#### INFORMATION GIVEN
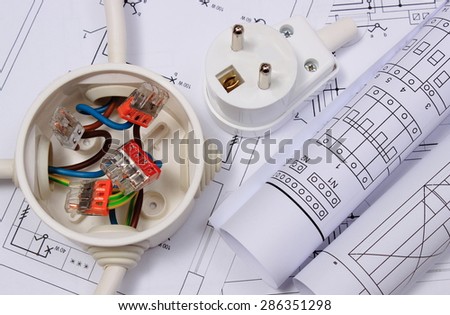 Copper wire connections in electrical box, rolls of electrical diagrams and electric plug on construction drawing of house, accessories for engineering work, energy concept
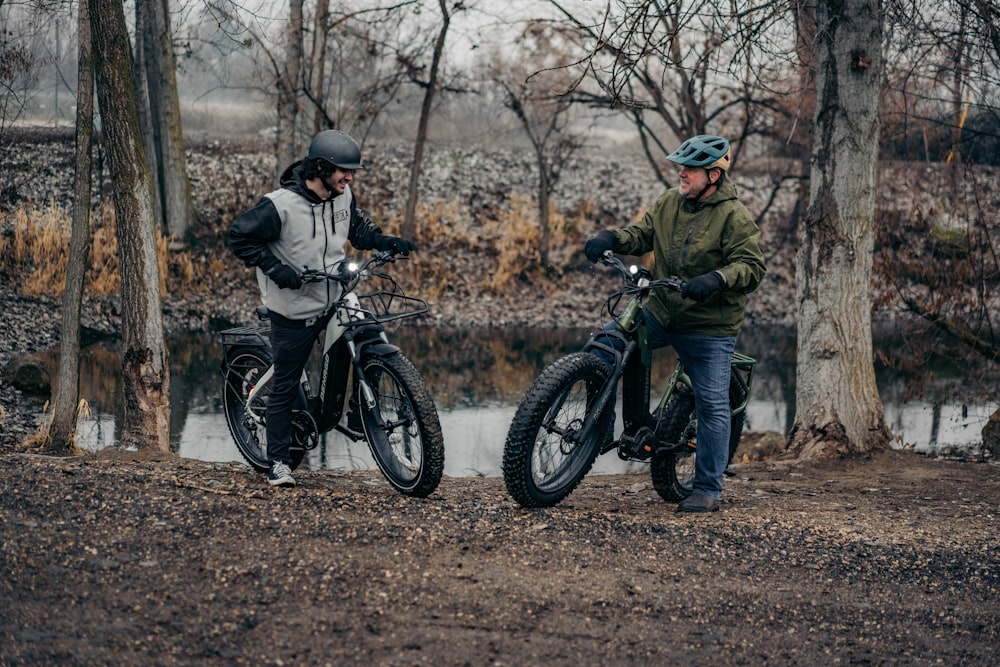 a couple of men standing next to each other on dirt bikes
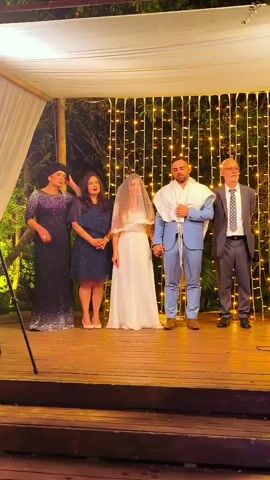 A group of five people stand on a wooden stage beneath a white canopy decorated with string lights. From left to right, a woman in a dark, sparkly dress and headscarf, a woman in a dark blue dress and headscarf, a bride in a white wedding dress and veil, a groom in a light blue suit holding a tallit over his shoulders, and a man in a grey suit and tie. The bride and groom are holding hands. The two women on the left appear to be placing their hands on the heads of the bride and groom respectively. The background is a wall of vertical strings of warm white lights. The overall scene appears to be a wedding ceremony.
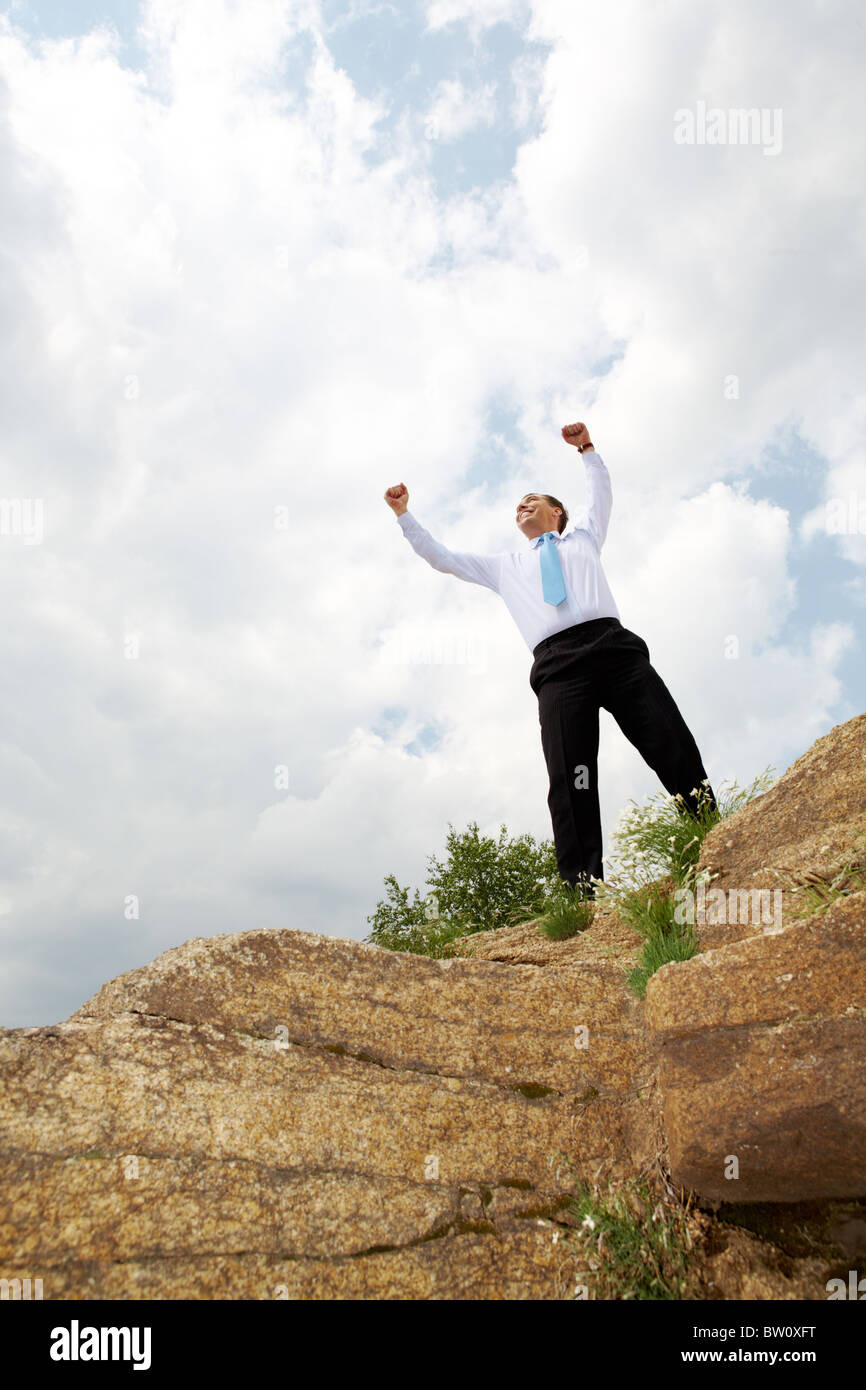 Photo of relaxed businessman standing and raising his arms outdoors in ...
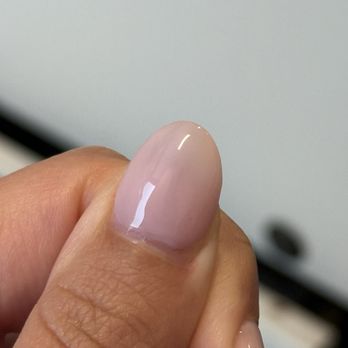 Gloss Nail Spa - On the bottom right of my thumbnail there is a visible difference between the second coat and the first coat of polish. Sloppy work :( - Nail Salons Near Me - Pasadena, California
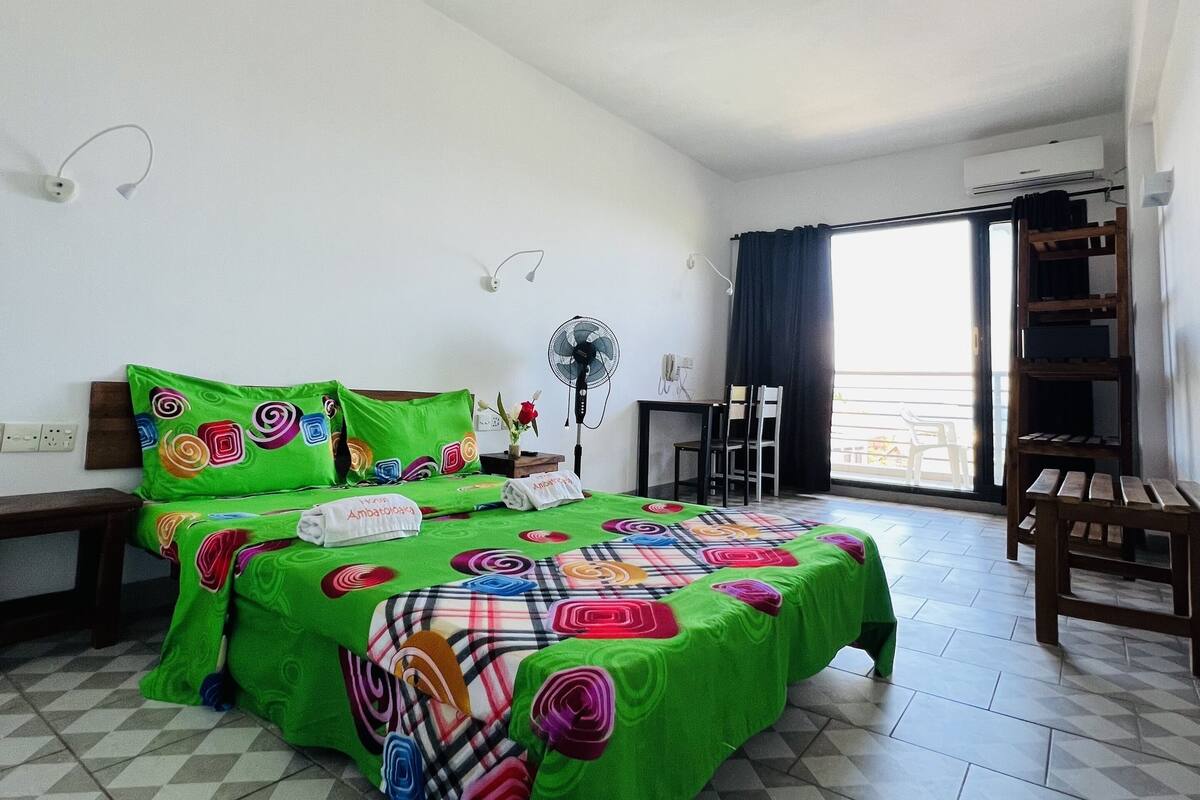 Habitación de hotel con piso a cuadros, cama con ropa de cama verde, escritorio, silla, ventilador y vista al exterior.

#### TASK DETAILS
Ignoring the pictures, write out word for word only the lines from the one containing "Gloss Nail Spa" through the last line of the data, both ends included.

#### TASK RESPONSE
 Gloss Nail Spa - On the bottom right of my thumbnail there is a visible difference between the second coat and the first coat of polish. Sloppy work :( - Nail Salons Near Me - Pasadena, California
 Habitación de hotel con piso a cuadros, cama con ropa de cama verde, escritorio, silla, ventilador y vista al exterior.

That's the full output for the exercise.